Source information
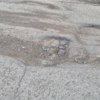 Ямы по дороге к гостинкам на Некрасовской. Фото сделано 1 июля — newsvl.ru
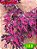 coleus 388 - Imagem 1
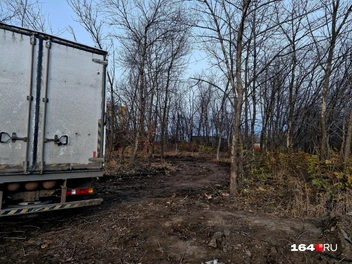 Экотропу еще не доделали | Источник: Виктория Федорова / 164.RU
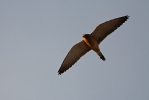 <b>Lesser Kestrel <i>(Falco naumanni)</i></b>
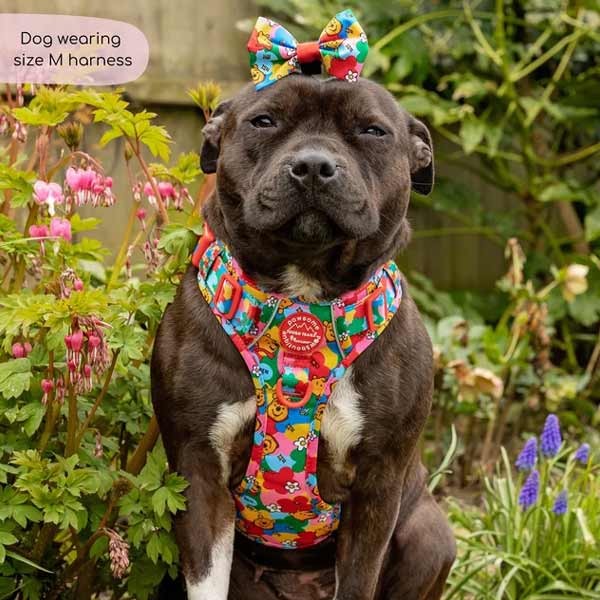 Disney© Tough Trails Retro Winnie Medium Harness 3 Disney© Tough Trails Retro Winnie Medium Harness - Image 3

The task
Pictures stay out; reproduce exactly the lines from the one containing "<b>Lesser Kestrel <i>(Falco" through the last line of the listing, both included.

The completed task
 <b>Lesser Kestrel <i>(Falco naumanni)</i></b>
 Disney© Tough Trails Retro Winnie Medium Harness 3 Disney© Tough Trails Retro Winnie Medium Harness - Image 3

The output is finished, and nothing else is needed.